Your objective => In the entries below, find the line with "Mercedes-Benz Sprinter 2500" and the line with "Bowen Falls Milford"; reproduce those two lines and all lines between them exactly, without pictures.
Dataset entries below:
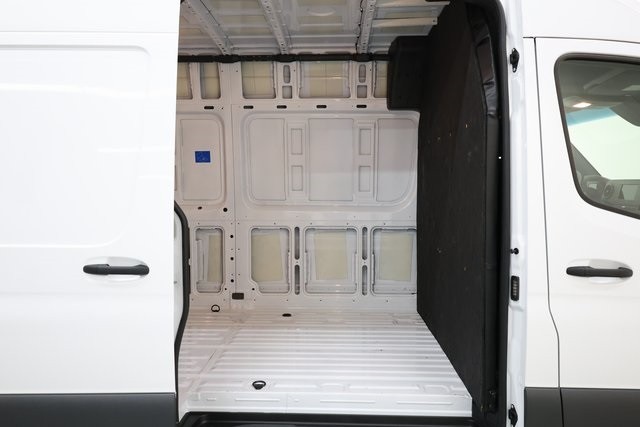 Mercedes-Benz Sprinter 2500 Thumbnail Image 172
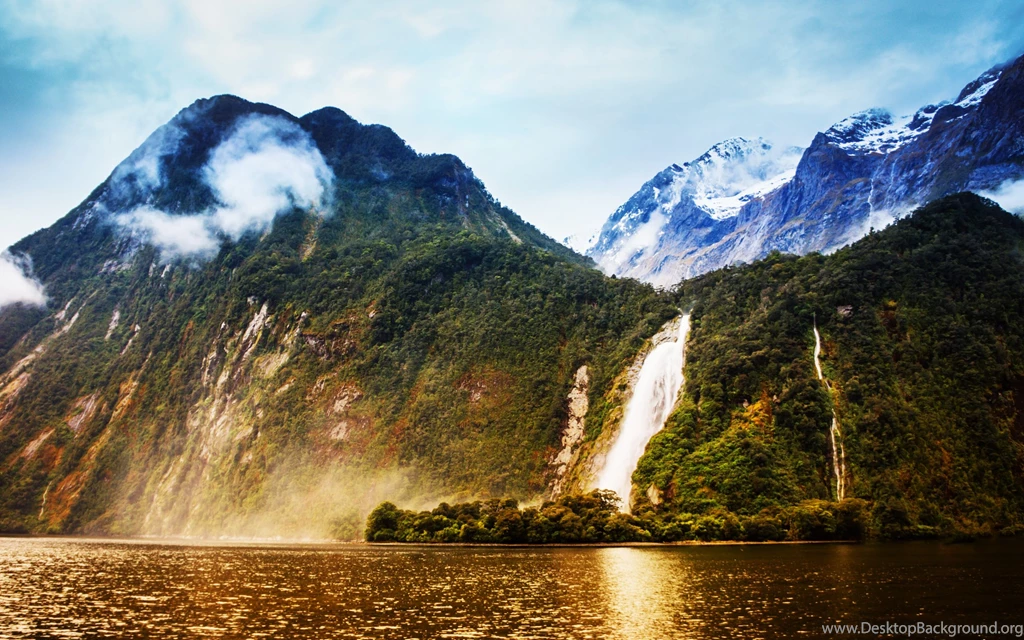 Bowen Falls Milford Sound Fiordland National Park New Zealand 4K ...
End of Dataset entries.
Dataset entries below:
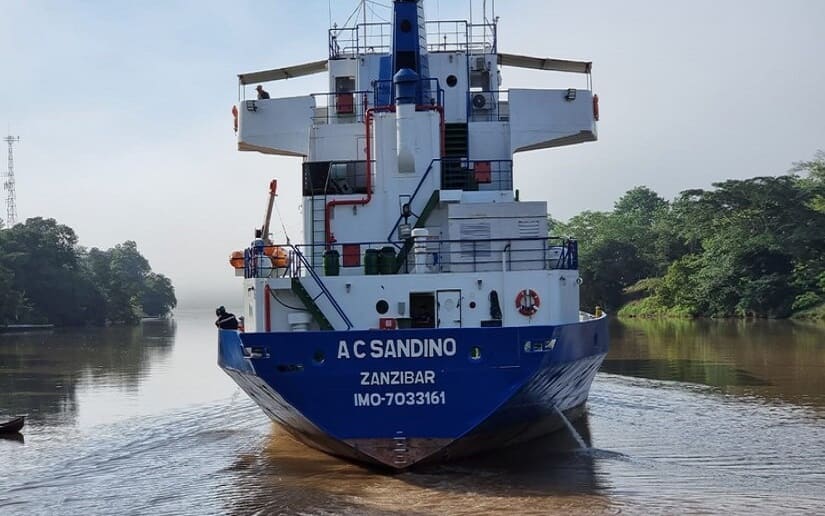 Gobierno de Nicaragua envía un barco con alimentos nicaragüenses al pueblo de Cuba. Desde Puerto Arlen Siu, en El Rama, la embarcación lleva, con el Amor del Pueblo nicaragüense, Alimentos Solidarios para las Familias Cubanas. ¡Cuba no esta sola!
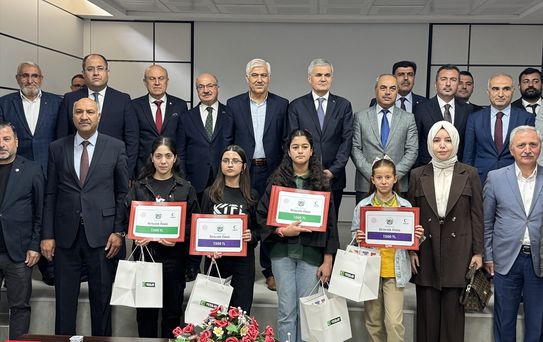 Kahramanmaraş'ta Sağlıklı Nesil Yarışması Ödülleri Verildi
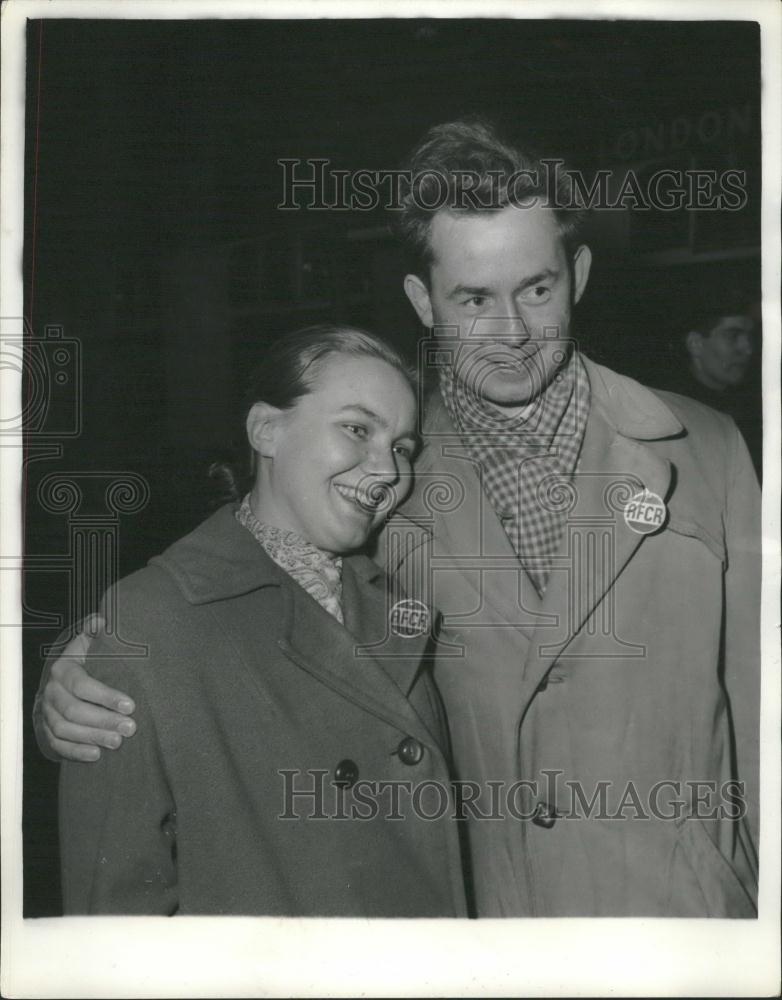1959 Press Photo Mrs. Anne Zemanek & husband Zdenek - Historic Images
End of Dataset entries.
Answer for the task =>
 Mercedes-Benz Sprinter 2500 Thumbnail Image 172
 Bowen Falls Milford Sound Fiordland National Park New Zealand 4K ...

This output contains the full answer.